Paul Ramsden (born 1969) was described by Britain’s Financial Times newspaper as the ‘most decorated mountaineer ever’, based on the fact that he holds the record for scooping up five Piolet d’Or awards during his career. The notably publicity-shy Ramsden specializes in hard, technical mountaineering routes on lesser 7,000-meter peaks in the Himalaya.

Kilian Jornet

Kilian Jornet (Image credit: Killian Jornet)

Kilian Jornet (born 1987) is a different kind of adventurer altogether. Most people probably wouldn’t identify him as a mountaineer. Yet to label him as a runner, which most probably would if they had to choose one word, is also a flawed view. There are greater mountaineers out there in terms of achievements on technical peaks in the Greater Ranges. However, Kilian’s blistering speed and incredible feats of endurance make him very difficult to ignore. He’s simply a superhuman athlete who has redefined what’s possible when it comes to going fast in the mountains.

He grew up in a Pyrenean mountain hut, was stood on his first alpine 4,000er at the age of six and soon went on to win countless races on skis and on foot. He’s claimed victory at the Ultra-Trail du Tour du Mont-Blanc (UTMB) an incredible four times. 

However, it’s his exploits on, not around, the mountains that warrant his inclusion here. Various FKTs have tumbled at his hands (or feet), including the Matterhorn and Mont Blanc. In 2017, he ascended to Everest’s summit twice in a single week and without supplementary oxygen, taking just 26 hours from base camp. In 2024, he astonished everyone by climbing all 82 peaks in the Alps over 4,000 meters without mechanical assistance in just 19 days. I reckon we can safely say he’s a mountaineer – and a pretty good one at that.

Nimsdai Purja

Nismdai Purja  (Image credit: Netflix © 2021)

You’d have to have been living under a rock to have not heard of the remarkable achievements of Nismdai Purja (born 1983). In 2019, the Nepali stunned the mountaineering world by climbing all fourteen 8,000-meter peaks in less than seven months. He then went on to lead the first winter ascent of K2, one of the last great prizes in high-altitude mountaineering, in 2021. In 2024, two separate allegations of sexual assault were made against Purja, which he claimed were ‘false and defamatory’.

Andrzej Bargiel

Andrzej Bargiel (1988 – present day) (Image credit: Getty Images)

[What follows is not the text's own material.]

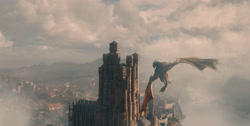extant_HouseOfTheDragon_1x01-TheHeirsOfTheDragon_0224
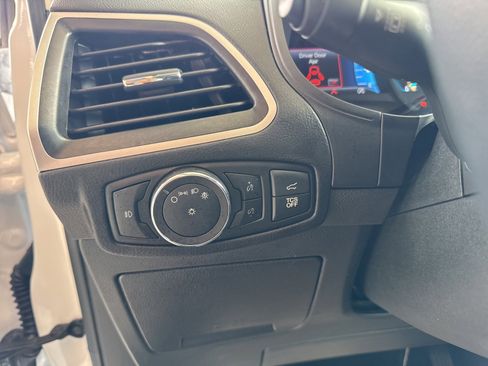 Certified 2022 Ford Edge SEL w/ Convenience Package image 26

In the world of ski mountaineering, Andrzej Bargiel’s (born 1988) star is shining bright at the moment. Like Kilian Jornet, the Pole excels when it comes to speed and has achieved stunningly fast ascents on some of the world’s highest mountains, such as K2, Shishapangma, Manaslu and Broad Peak, before skiing down them. In 2023, he achieved the incredible feat of ascending and then skiing down all four 8,000-meter peaks in the Karakorum without supplementary oxygen.

Nicolas Hojac

Swiss giants, the Eiger, Mönch and Jungfrau, Hojac's local playground (Image credit: Getty)

The prodigious Swiss talent Nicolas Hojac (born 1992) specializes in speed ascents of technical mountain walls. In his youth, he became one of the youngest people to successfully complete the alpine north face trilogy of the Matterhorn, Eiger and Grandes Jorasses. Back on the Eiger, he set a new speed record in 2015 on the iconic North Face, alongside Ueli Steck, ascending in just 3 hours and 46 minutes.